旧秩序から新秩序へ:「敗戦」というチャンス
角栄とその時代 その1:敗戦
土建屋でも政治家になれる時代へ
田中角栄が生まれた年は、1918(大正)7年、敗戦の玉音放送を「朝鮮(理研ピストンリング工場の移設工事請負)」で聴いた時は、1945(昭和20)年。当時、27歳。まさに戦中派世代であった。角栄と同世代=「大正生まれ」の男子は約1348万人。そのうち約200万人近くが戦死する(1/7の戦死率)という悲劇の時代を乗り越え、角栄は生き残ったのである。高等小学校を卒業後、早くから「土方(どかた)」として働き、19歳で自ら「土建屋」を経営した角栄は、1943(昭和18)年には「田中土建工業株式会社」を設立。年間施工実績全国50位以内にランクする中堅の土建屋ではかなりの優良企業だった。

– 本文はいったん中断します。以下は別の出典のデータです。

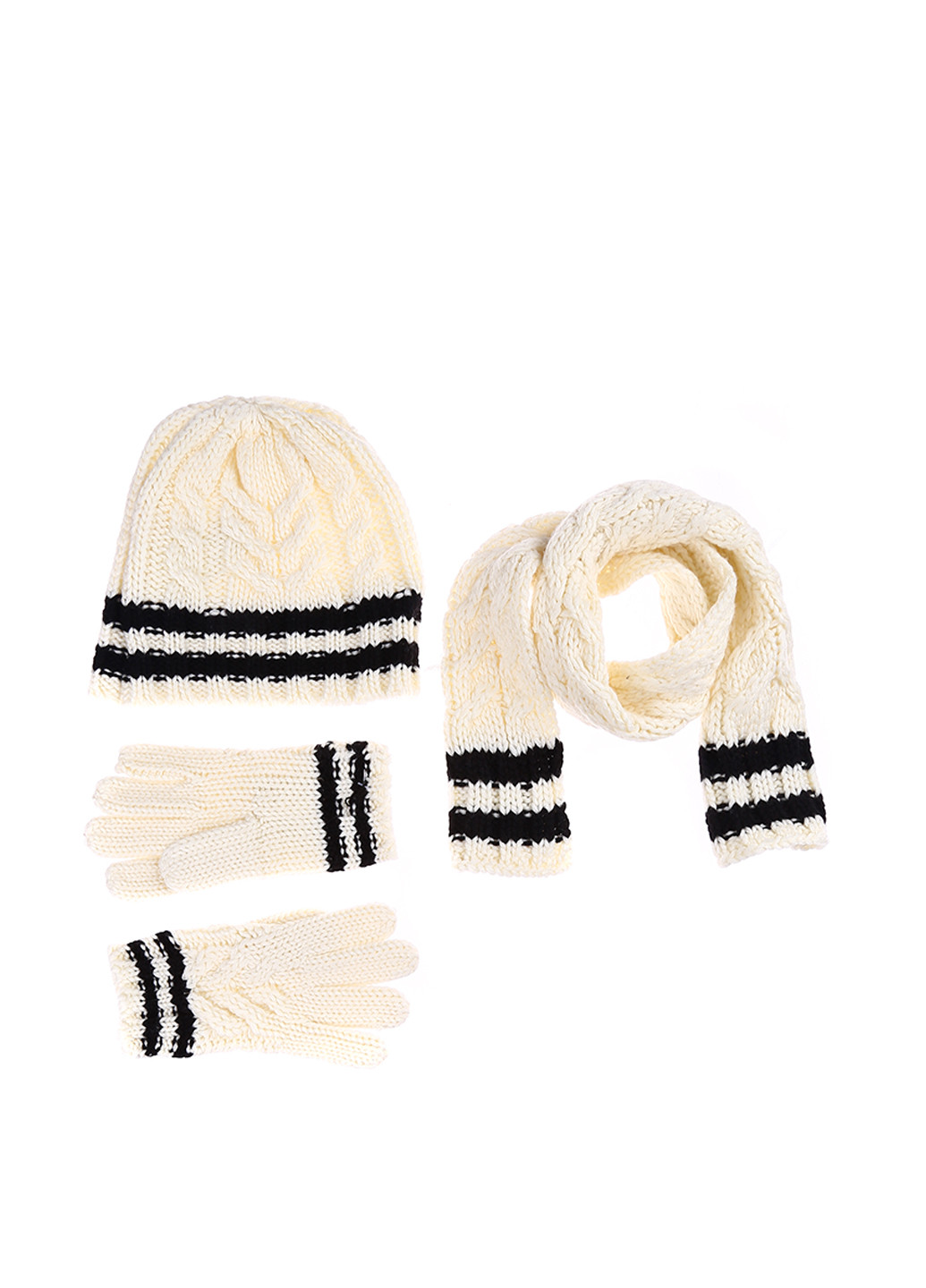 Комбінований демісезонний комплект (шапка, шарф, рукавички) Sprider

そして、1945(昭和20)年8月、敗戦を体験。もちろん角栄も1939(昭和14)年に陸軍騎兵隊として戦地に出征しているが、生き残っている。また前述した朝鮮からは終戦の11日目にはなんと日本に戻っている。さらに事業を始めた東京の飯田橋では、ほとんど空襲の被害も受けなかったのである。
さらにさらに、戦争、敗戦へと道筋をつけた指導層が公職追放され、さらにさらにさらに占領軍による「新憲法」の公布(1946/11/3)、公布(1947/5/3)がなされたのである。
「個人的な敗戦に対する思いはわかりませんが、角さんにとって、敗戦はチャンスだったんでしょうなあ」と平野貞夫氏は語る。
このような混乱期に、事業を続ける「原資(お金などの資産)」があり、封建的な身分秩序が新憲法によって改正され、しかも旧秩序の指導層が「強制退場」。この時、角さん27歳の男盛り=若さもあった。
角栄が、この時から27年後に北京で会うことになる中国の国家主席、毛沢東の言葉にいい仕事ができる条件として「若いこと、無名であること、貧乏であること」を述べているが、まさに角栄にとってはその3条件が「結果的」にすべて揃っていたのである。
平野氏はそんな角栄にとってさらに大きな「推進力」を与えたものとして、「新憲法=日本国憲法」をあげる。